Another thing you could try - which was suggested by a trainer at our Obedience class last week - is to grab the dog's jowls (GENTLY!) when they jump up at you and growl at them. Supposedly, they hate that and it puts them off jumping on you. My husband isn't so good at the ignoring thing (he finds it hard not to flinch and to stand perfectly still and not react when Honey jumps up on him) so this method worked better for him. Instead of turning away from the dog, you actually step towards it as it's jumping up and "grab" its jowls either side of its jaw and "growl" at it, then let go immediately. He did this once with Honey and the next time she tried to jump, he just raised his hands and stepped towards her - and she backed off immediately. But I don't know if this method would work for everyone - personally, I think the ignoring method is the best. But just thought I'd mention the other method in case you find it helpful.

I find the other thing which really helps is to make your dog sit for EVERYTHING. Honey doesn't even get eye contact from us unless she is sitting - well, from me, anyway. She never tries to jump up on me and even when she's very excited to greet me after a long day out at work, she'll run up and sit in front of me for her pat, because she knows from ages ago that I won't even look at her unless she sits.

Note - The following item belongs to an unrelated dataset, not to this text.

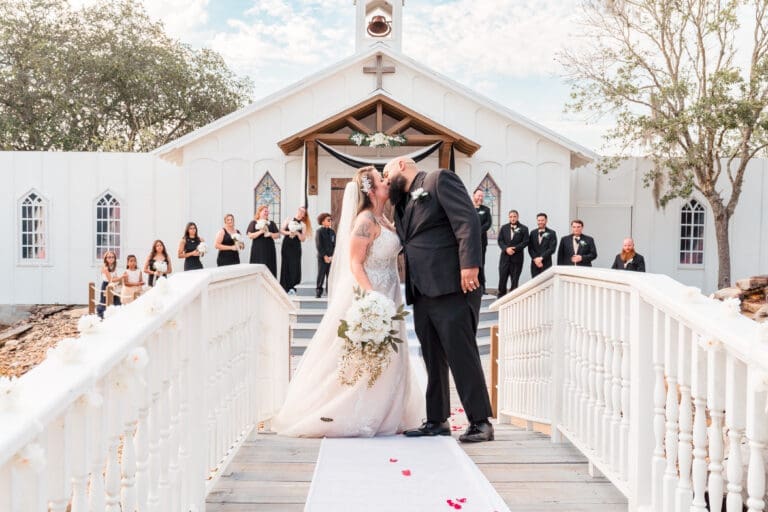 Newlyweds' Passionate Kiss on Bridge with Wedding Party and Church in Background at Hidden Barn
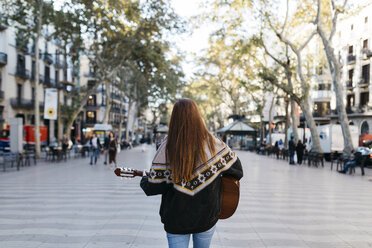 Red-haired woman playing the guitar in the city, rear view - JRFF01921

But everyone's got to be very consistent - my husband isn't and so he gets the jumping up problem from her, because he doesn't always wait until she sits to give her attention.

Hsin-Yi
- By tohme Date 10.05.04 08:00 UTC
At the risk of being shot down in flames can I just suggest that grabbing many dogs by the jowls and growling at them is possibly NOT one of the first 10 techniques  I would choose to use with many dogs.  It is extremely confrontational and in some dogs the direct eye contact, combined with the physical contact is a recipe for potential disaster; this is NOT a management strategy that I would recommend; it may indeed work with some dogs and some owners but, as someone who has dealt with very "in your face" dogs, I am comfortable that this advice could be dangerous.

I have many tools at my disposal that I would use in preference to this which would include a degree of ignoring attention seeking, asking for an incompatible behaviour eg a sit, throwing food on the floor so that the first thing a dog does is put is head down and ipso facto dog cannot or will not jump up; this gives you breathing space etc etc.
- By Mandy Feuz [gb] Date 10.05.04 13:59 UTC
Thanks for your reply.  I was trying the turning away and ignoring at the weekend and he certainly seemed to give up jumping up quite quickly.  I have not heard of the other method you mentioned though.  We do try and make Tag sit down in most cases for things to earn his treats, and he seems very eager to please.  Sometimes if he knows we have treats in our hands indoors, the cheeky boy tries all the positions (sit/down etc) one after the other, pleading in his eyes to get something!!! Don't ya just love 'em!